(Scraped caption text data)
::::::

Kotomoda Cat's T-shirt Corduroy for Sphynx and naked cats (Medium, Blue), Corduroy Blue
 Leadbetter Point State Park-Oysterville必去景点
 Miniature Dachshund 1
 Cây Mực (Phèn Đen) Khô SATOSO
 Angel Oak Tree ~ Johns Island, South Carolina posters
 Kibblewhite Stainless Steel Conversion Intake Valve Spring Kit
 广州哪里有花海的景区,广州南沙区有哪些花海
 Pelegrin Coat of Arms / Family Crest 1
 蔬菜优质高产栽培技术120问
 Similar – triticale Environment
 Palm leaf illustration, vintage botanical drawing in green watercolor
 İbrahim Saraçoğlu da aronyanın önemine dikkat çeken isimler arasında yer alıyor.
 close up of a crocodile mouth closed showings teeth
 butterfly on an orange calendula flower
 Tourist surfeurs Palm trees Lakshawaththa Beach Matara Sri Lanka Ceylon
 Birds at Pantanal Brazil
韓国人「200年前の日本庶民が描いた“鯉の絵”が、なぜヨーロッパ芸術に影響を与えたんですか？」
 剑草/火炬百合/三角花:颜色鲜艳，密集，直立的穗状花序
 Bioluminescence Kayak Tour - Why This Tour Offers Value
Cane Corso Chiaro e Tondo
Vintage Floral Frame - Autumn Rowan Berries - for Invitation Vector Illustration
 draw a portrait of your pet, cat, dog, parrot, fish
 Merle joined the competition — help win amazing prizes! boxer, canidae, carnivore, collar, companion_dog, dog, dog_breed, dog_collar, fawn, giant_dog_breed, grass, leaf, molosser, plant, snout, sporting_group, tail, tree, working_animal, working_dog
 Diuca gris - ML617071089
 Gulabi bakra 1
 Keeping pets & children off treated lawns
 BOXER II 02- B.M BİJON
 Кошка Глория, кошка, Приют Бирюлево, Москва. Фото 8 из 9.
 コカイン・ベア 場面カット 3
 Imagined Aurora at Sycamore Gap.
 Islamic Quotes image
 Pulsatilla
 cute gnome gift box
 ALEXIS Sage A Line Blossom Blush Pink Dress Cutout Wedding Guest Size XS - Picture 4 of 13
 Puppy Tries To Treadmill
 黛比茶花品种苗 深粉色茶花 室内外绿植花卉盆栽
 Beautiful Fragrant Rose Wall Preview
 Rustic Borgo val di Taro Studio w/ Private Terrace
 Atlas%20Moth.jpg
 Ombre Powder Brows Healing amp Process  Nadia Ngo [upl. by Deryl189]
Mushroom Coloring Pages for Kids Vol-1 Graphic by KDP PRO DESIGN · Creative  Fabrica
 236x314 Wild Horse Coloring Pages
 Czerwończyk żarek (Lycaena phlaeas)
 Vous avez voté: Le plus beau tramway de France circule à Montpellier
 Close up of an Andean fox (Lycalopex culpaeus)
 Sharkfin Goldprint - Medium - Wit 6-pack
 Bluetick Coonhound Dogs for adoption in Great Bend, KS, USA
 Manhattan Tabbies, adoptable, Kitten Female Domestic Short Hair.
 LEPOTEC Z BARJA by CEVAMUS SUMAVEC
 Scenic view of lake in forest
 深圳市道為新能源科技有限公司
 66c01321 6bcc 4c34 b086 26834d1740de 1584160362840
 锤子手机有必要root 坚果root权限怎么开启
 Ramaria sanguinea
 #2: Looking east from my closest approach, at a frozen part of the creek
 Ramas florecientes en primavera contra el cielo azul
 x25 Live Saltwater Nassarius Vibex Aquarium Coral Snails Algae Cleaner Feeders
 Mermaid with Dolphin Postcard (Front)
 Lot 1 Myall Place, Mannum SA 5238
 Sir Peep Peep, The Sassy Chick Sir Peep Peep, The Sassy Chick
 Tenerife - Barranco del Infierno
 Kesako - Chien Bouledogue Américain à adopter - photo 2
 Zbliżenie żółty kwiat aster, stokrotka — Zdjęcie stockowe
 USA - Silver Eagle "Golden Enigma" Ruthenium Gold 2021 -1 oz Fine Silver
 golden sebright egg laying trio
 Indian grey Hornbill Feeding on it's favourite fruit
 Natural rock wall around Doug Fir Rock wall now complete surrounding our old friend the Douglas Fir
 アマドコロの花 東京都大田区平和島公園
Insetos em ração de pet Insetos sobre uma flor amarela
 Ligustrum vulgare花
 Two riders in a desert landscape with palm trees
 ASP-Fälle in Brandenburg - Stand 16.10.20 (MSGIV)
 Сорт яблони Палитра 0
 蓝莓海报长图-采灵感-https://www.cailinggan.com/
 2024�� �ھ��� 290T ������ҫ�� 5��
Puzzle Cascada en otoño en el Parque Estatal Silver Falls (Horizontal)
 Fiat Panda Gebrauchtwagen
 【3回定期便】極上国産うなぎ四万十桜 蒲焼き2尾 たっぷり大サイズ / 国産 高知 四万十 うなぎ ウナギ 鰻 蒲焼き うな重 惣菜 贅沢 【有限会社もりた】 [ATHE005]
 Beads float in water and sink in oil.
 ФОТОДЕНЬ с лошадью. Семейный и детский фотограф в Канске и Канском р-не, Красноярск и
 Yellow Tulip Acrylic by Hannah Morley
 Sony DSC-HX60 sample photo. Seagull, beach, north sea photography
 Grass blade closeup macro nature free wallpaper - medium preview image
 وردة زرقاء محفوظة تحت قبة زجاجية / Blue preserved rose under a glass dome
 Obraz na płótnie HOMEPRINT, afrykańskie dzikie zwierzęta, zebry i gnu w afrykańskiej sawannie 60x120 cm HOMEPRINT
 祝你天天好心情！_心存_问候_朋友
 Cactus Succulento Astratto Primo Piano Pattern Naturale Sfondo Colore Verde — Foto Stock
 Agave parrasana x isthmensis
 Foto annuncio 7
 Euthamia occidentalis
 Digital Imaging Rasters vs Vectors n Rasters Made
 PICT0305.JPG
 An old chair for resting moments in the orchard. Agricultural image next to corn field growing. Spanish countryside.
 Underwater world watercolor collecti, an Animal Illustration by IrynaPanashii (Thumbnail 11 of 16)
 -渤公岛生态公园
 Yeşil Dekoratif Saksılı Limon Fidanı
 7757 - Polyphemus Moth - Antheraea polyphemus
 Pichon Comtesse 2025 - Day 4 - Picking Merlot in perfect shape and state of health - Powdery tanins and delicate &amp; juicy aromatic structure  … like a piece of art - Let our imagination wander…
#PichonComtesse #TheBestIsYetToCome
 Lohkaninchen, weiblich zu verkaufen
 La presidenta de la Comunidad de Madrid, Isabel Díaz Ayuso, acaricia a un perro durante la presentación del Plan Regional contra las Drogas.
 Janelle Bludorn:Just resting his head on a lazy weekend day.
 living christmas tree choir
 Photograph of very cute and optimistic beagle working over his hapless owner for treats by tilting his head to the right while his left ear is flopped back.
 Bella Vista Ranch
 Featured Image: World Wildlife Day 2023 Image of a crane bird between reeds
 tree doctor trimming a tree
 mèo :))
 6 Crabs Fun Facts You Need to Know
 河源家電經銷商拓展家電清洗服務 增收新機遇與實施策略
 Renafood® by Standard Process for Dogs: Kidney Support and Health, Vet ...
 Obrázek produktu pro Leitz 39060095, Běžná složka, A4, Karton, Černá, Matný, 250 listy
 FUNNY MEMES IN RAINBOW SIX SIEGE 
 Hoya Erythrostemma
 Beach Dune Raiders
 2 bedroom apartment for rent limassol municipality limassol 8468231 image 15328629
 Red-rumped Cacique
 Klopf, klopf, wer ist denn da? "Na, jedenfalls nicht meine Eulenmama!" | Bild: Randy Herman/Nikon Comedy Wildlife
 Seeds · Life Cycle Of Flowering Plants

::::::

WHAT NEEDS TO BE DONE: Line by line, set the records above down again exactly.

THE ANSWER:
Kotomoda Cat's T-shirt Corduroy for Sphynx and naked cats (Medium, Blue), Corduroy Blue
 Leadbetter Point State Park-Oysterville必去景点
 Miniature Dachshund 1
 Cây Mực (Phèn Đen) Khô SATOSO
 Angel Oak Tree ~ Johns Island, South Carolina posters
 Kibblewhite Stainless Steel Conversion Intake Valve Spring Kit
 广州哪里有花海的景区,广州南沙区有哪些花海
 Pelegrin Coat of Arms / Family Crest 1
 蔬菜优质高产栽培技术120问
 Similar – triticale Environment
 Palm leaf illustration, vintage botanical drawing in green watercolor
 İbrahim Saraçoğlu da aronyanın önemine dikkat çeken isimler arasında yer alıyor.
 close up of a crocodile mouth closed showings teeth
 butterfly on an orange calendula flower
 Tourist surfeurs Palm trees Lakshawaththa Beach Matara Sri Lanka Ceylon
 Birds at Pantanal Brazil
韓国人「200年前の日本庶民が描いた“鯉の絵”が、なぜヨーロッパ芸術に影響を与えたんですか？」
 剑草/火炬百合/三角花:颜色鲜艳，密集，直立的穗状花序
 Bioluminescence Kayak Tour - Why This Tour Offers Value
Cane Corso Chiaro e Tondo
Vintage Floral Frame - Autumn Rowan Berries - for Invitation Vector Illustration
 draw a portrait of your pet, cat, dog, parrot, fish
 Merle joined the competition — help win amazing prizes! boxer, canidae, carnivore, collar, companion_dog, dog, dog_breed, dog_collar, fawn, giant_dog_breed, grass, leaf, molosser, plant, snout, sporting_group, tail, tree, working_animal, working_dog
 Diuca gris - ML617071089
 Gulabi bakra 1
 Keeping pets & children off treated lawns
 BOXER II 02- B.M BİJON
 Кошка Глория, кошка, Приют Бирюлево, Москва. Фото 8 из 9.
 コカイン・ベア 場面カット 3
 Imagined Aurora at Sycamore Gap.
 Islamic Quotes image
 Pulsatilla
 cute gnome gift box
 ALEXIS Sage A Line Blossom Blush Pink Dress Cutout Wedding Guest Size XS - Picture 4 of 13
 Puppy Tries To Treadmill
 黛比茶花品种苗 深粉色茶花 室内外绿植花卉盆栽
 Beautiful Fragrant Rose Wall Preview
 Rustic Borgo val di Taro Studio w/ Private Terrace
 Atlas%20Moth.jpg
 Ombre Powder Brows Healing amp Process  Nadia Ngo [upl. by Deryl189]
Mushroom Coloring Pages for Kids Vol-1 Graphic by KDP PRO DESIGN · Creative  Fabrica
 236x314 Wild Horse Coloring Pages
 Czerwończyk żarek (Lycaena phlaeas)
 Vous avez voté: Le plus beau tramway de France circule à Montpellier
 Close up of an Andean fox (Lycalopex culpaeus)
 Sharkfin Goldprint - Medium - Wit 6-pack
 Bluetick Coonhound Dogs for adoption in Great Bend, KS, USA
 Manhattan Tabbies, adoptable, Kitten Female Domestic Short Hair.
 LEPOTEC Z BARJA by CEVAMUS SUMAVEC
 Scenic view of lake in forest
 深圳市道為新能源科技有限公司
 66c01321 6bcc 4c34 b086 26834d1740de 1584160362840
 锤子手机有必要root 坚果root权限怎么开启
 Ramaria sanguinea
 #2: Looking east from my closest approach, at a frozen part of the creek
 Ramas florecientes en primavera contra el cielo azul
 x25 Live Saltwater Nassarius Vibex Aquarium Coral Snails Algae Cleaner Feeders
 Mermaid with Dolphin Postcard (Front)
 Lot 1 Myall Place, Mannum SA 5238
 Sir Peep Peep, The Sassy Chick Sir Peep Peep, The Sassy Chick
 Tenerife - Barranco del Infierno
 Kesako - Chien Bouledogue Américain à adopter - photo 2
 Zbliżenie żółty kwiat aster, stokrotka — Zdjęcie stockowe
 USA - Silver Eagle "Golden Enigma" Ruthenium Gold 2021 -1 oz Fine Silver
 golden sebright egg laying trio
 Indian grey Hornbill Feeding on it's favourite fruit
 Natural rock wall around Doug Fir Rock wall now complete surrounding our old friend the Douglas Fir
 アマドコロの花 東京都大田区平和島公園
Insetos em ração de pet Insetos sobre uma flor amarela
 Ligustrum vulgare花
 Two riders in a desert landscape with palm trees
 ASP-Fälle in Brandenburg - Stand 16.10.20 (MSGIV)
 Сорт яблони Палитра 0
 蓝莓海报长图-采灵感-https://www.cailinggan.com/
 2024�� �ھ��� 290T ������ҫ�� 5��
Puzzle Cascada en otoño en el Parque Estatal Silver Falls (Horizontal)
 Fiat Panda Gebrauchtwagen
 【3回定期便】極上国産うなぎ四万十桜 蒲焼き2尾 たっぷり大サイズ / 国産 高知 四万十 うなぎ ウナギ 鰻 蒲焼き うな重 惣菜 贅沢 【有限会社もりた】 [ATHE005]
 Beads float in water and sink in oil.
 ФОТОДЕНЬ с лошадью. Семейный и детский фотограф в Канске и Канском р-не, Красноярск и
 Yellow Tulip Acrylic by Hannah Morley
 Sony DSC-HX60 sample photo. Seagull, beach, north sea photography
 Grass blade closeup macro nature free wallpaper - medium preview image
 وردة زرقاء محفوظة تحت قبة زجاجية / Blue preserved rose under a glass dome
 Obraz na płótnie HOMEPRINT, afrykańskie dzikie zwierzęta, zebry i gnu w afrykańskiej sawannie 60x120 cm HOMEPRINT
 祝你天天好心情！_心存_问候_朋友
 Cactus Succulento Astratto Primo Piano Pattern Naturale Sfondo Colore Verde — Foto Stock
 Agave parrasana x isthmensis
 Foto annuncio 7
 Euthamia occidentalis
 Digital Imaging Rasters vs Vectors n Rasters Made
 PICT0305.JPG
 An old chair for resting moments in the orchard. Agricultural image next to corn field growing. Spanish countryside.
 Underwater world watercolor collecti, an Animal Illustration by IrynaPanashii (Thumbnail 11 of 16)
 -渤公岛生态公园
 Yeşil Dekoratif Saksılı Limon Fidanı
 7757 - Polyphemus Moth - Antheraea polyphemus
 Pichon Comtesse 2025 - Day 4 - Picking Merlot in perfect shape and state of health - Powdery tanins and delicate &amp; juicy aromatic structure  … like a piece of art - Let our imagination wander…
#PichonComtesse #TheBestIsYetToCome
 Lohkaninchen, weiblich zu verkaufen
 La presidenta de la Comunidad de Madrid, Isabel Díaz Ayuso, acaricia a un perro durante la presentación del Plan Regional contra las Drogas.
 Janelle Bludorn:Just resting his head on a lazy weekend day.
 living christmas tree choir
 Photograph of very cute and optimistic beagle working over his hapless owner for treats by tilting his head to the right while his left ear is flopped back.
 Bella Vista Ranch
 Featured Image: World Wildlife Day 2023 Image of a crane bird between reeds
 tree doctor trimming a tree
 mèo :))
 6 Crabs Fun Facts You Need to Know
 河源家電經銷商拓展家電清洗服務 增收新機遇與實施策略
 Renafood® by Standard Process for Dogs: Kidney Support and Health, Vet ...
 Obrázek produktu pro Leitz 39060095, Běžná složka, A4, Karton, Černá, Matný, 250 listy
 FUNNY MEMES IN RAINBOW SIX SIEGE 
 Hoya Erythrostemma
 Beach Dune Raiders
 2 bedroom apartment for rent limassol municipality limassol 8468231 image 15328629
 Red-rumped Cacique
 Klopf, klopf, wer ist denn da? "Na, jedenfalls nicht meine Eulenmama!" | Bild: Randy Herman/Nikon Comedy Wildlife
 Seeds · Life Cycle Of Flowering Plants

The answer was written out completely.